Statement from the respondents lawyer: “Mr Wong SC did not dispute the argument that section 111 is fundamentally a class remedy. In principle it seems to me that all minority shareholders must have a right to be heard at the relief stage of the present Petition.” (p.85)

However, lets say that the first quote is true and that is how the court is going to decided upon which shares get redeemed at the not jet disclosed valuation level. In that case, I would argue that this in fact doesn’t really matter for how the whole situation is going to play out for other minority shareholders like myself. I would argue that the 0,40 SGD is to much of an low ball offer to get minority shareholder exited and that the sneaky attempt by management to fool minority investors in order to attain the +90 % position needed to take the K14 private is not going to succeed, as discussed before. In other words, we may very well see an increased cash tender offer or an buyout offer at the same price as the redemption of shares for the Pope entities even though we might not legally be entitled to it. This in order for the parent company to succeed in acquiring the shares needed to delist the company and take it private, all according to its stated intentions.

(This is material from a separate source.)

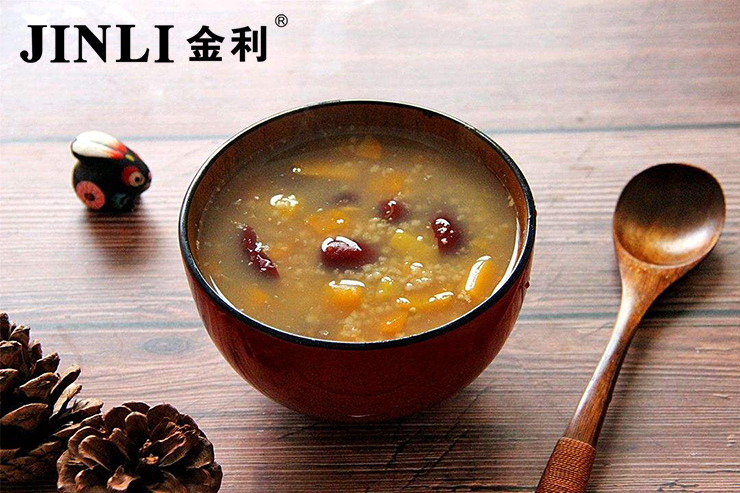 懂生活的人，廚房里都有一臺(tái)金利集成灶坐鎮(zhèn)！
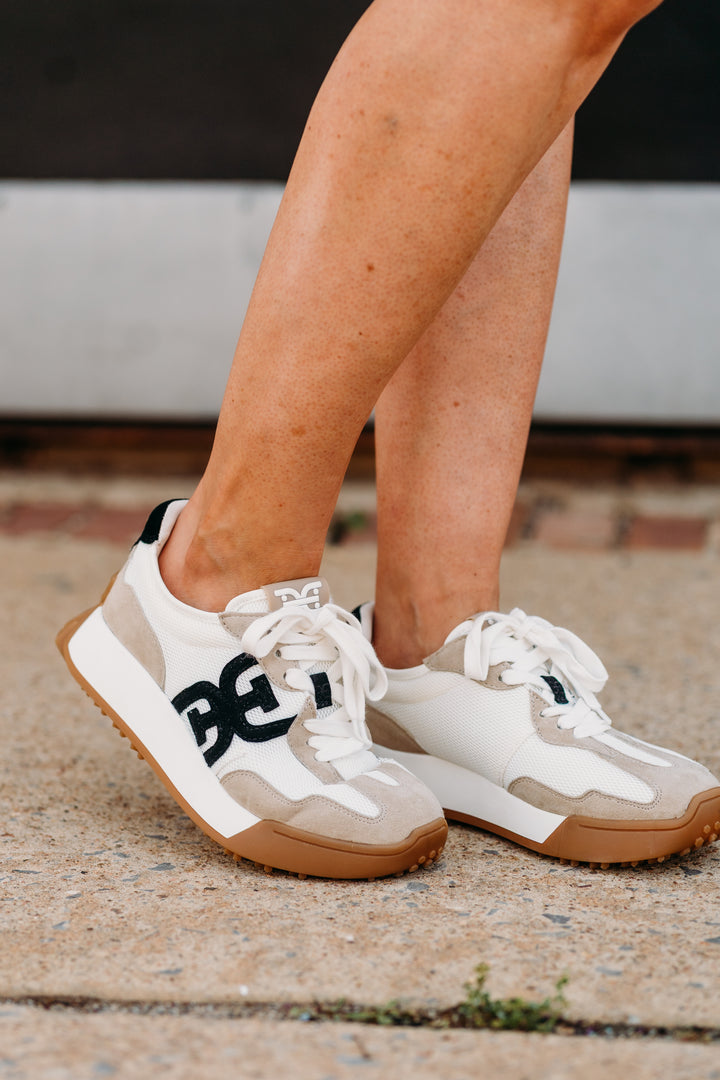 Sam Edelman: Langley Lace Up Sneaker in White/Tan/Black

Even if i’m drastically mistaken or wrong in my above probability guesstimates, reasoning and argumentation this is still an very favorable special situations bet. Reson being that at the current price of 0,415 SGD there is an estimated minimum upside of 61 % (0,67 SGD) at the same time as the downside is limited to -3,8 % (i.e. the 0,40 SGD price at which I can cash tender my shares). I think Mohnish Pabrai would would let me use the phrase “heads I win tails I don’t lose much” without to much complaints in this case.


Disclosure: The author is long SGX:K14 when this analysis is published. Also note that SGX:K14 is a micro-cap stock (173 M$ in market capitalization). The trading is illiquid.